Data excerpt =>

[Start of Attachment]

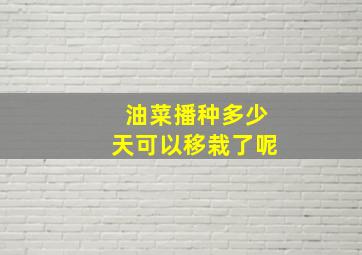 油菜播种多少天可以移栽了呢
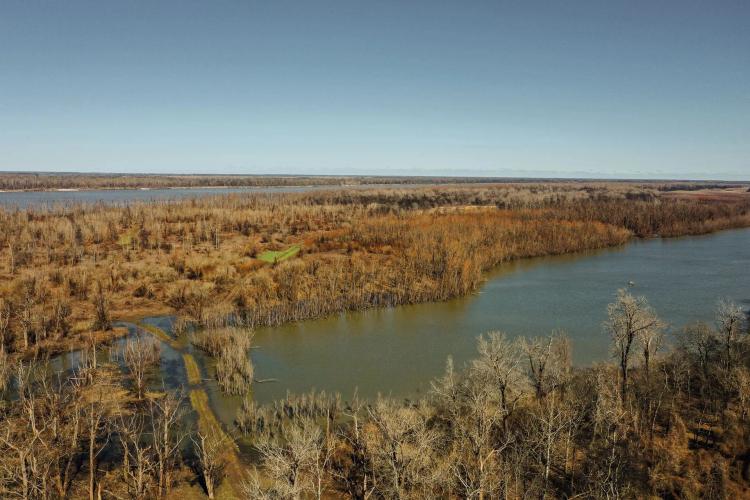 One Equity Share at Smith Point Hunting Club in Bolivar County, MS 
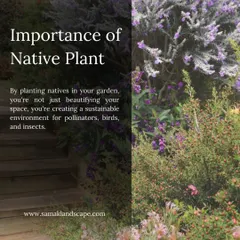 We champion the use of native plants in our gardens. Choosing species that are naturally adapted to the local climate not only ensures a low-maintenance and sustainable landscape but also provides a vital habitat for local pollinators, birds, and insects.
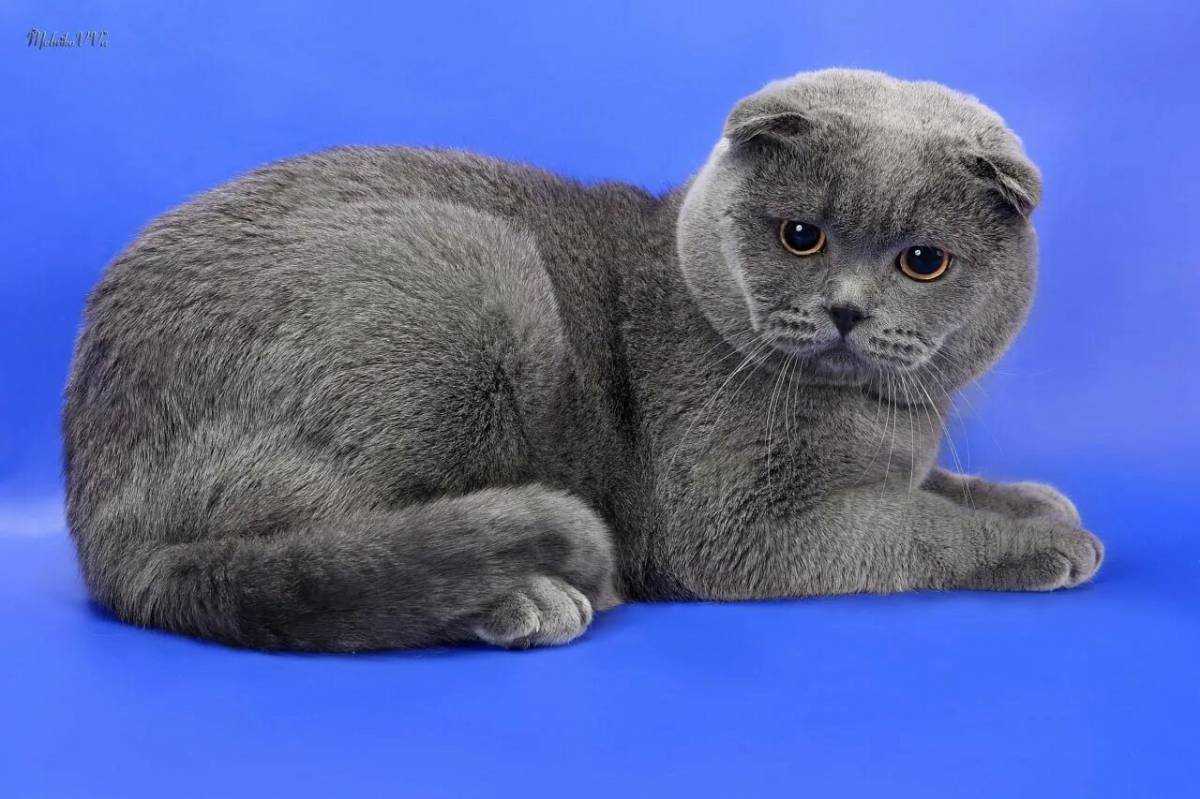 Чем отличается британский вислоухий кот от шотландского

[End of Attachment]

Task statement => All of the data above needs to be given again exactly. Leave out each image.

Answer to this task =>
 油菜播种多少天可以移栽了呢
 One Equity Share at Smith Point Hunting Club in Bolivar County, MS 
 We champion the use of native plants in our gardens. Choosing species that are naturally adapted to the local climate not only ensures a low-maintenance and sustainable landscape but also provides a vital habitat for local pollinators, birds, and insects.
 Чем отличается британский вислоухий кот от шотландского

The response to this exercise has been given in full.